In arrivo il decreto “Semplificazioni”: novità anche per imprese ed interventi edilizi

Tra le novità che potrebbero essere inserite nel decreto “semplificazioni”, che salvo imprevisti approderà domani a Palazzo Chigi, si segnalano le misure finalizzate a semplificare e velocizzare gli interventi in materia edilizia. In tale contesto, in particolare:

  1. viene rimosso il vincolo del medesimo sedime e della medesima sagoma: la norma, stando all’ultima bozza del provvedimento, dispone infatti che per gli interventi di ristrutturazione con demolizione e ricostruzione disciplinati da un piano urbanistico che preveda un programma di rigenerazione urbana, la ricostruzione sia comunque consentita con la sola osservanza delle distanze legittimamente preesistenti;
  2. si considera “attività edilizia libera” la realizzazione di strutture leggere destinate ad essere rimosse alla fine del loro utilizzo stagionale;
  3. si prevede poi la possibilità di prorogare la validità dei titoli edilizi, stabilendo che prima che siano decorsi i termini per l’inizio o per la fine dei lavori (rispettivamente di un anno e di tre anni dal rilascio del titolo), il privato possa prorogarli con una semplice comunicazione allo sportello unico comunale; in presenza di particolari motivi potrà essere disposta una ulteriore proroga, discrezionale.

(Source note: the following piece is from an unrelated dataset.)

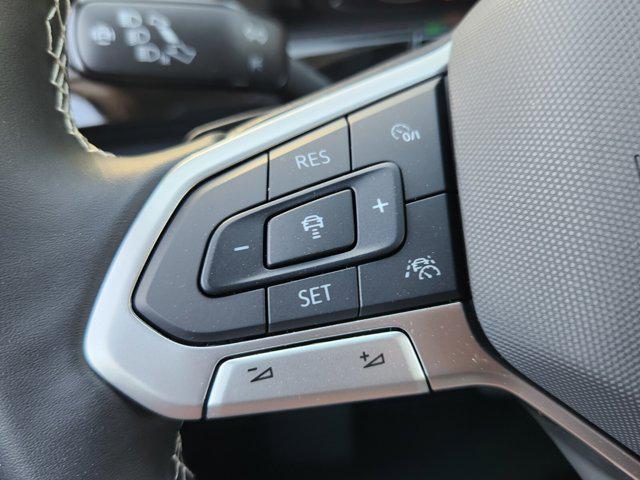 new 2025 Volkswagen Atlas car, priced at $50,316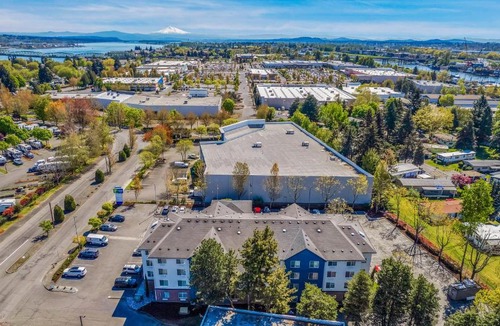 Hayden Island Hotel | Holiday Inn Express Hotel & Suites Portland - Jantzen Beach by IHG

Tra le misure a favore delle imprese, si segnala l’aumento dell’importo che può essere erogato in un’unica soluzione nell’ambito delle agevolazioni di cui alla legge Sabatini; si prevede anche la semplificazione delle procedure di cancellazione dal Registro delle imprese e di scioglimento degli enti cooperativi nonché in materia di recesso dalle società di persone, al fine di assicurare che il Registro delle imprese rappresenti fedelmente la realtà imprenditoriale operante sul territorio. La bozza del decreto contiene infine una norma che lascia all’autonomia statutaria delle società quotate la possibilità di prevedere aumenti di capitale in deroga rispetto alla disciplina prevista dal codice civile, al fine di semplificare le modalità di svolgimento delle ricapitalizzazioni.

Secondo alcune anticipazioni emerse ieri sera, infine, sembra molto probabile che il Governo decida lo stralcio delle norme sul condono edilizio presenti nella bozza del decreto “Semplificazioni”, nonchè lo stralcio di una disposizione relativa alle assunzioni effettuate nell’ambito della Pubblica Amministrazione. È comunque previsto in giornata un altro vertice di maggioranza.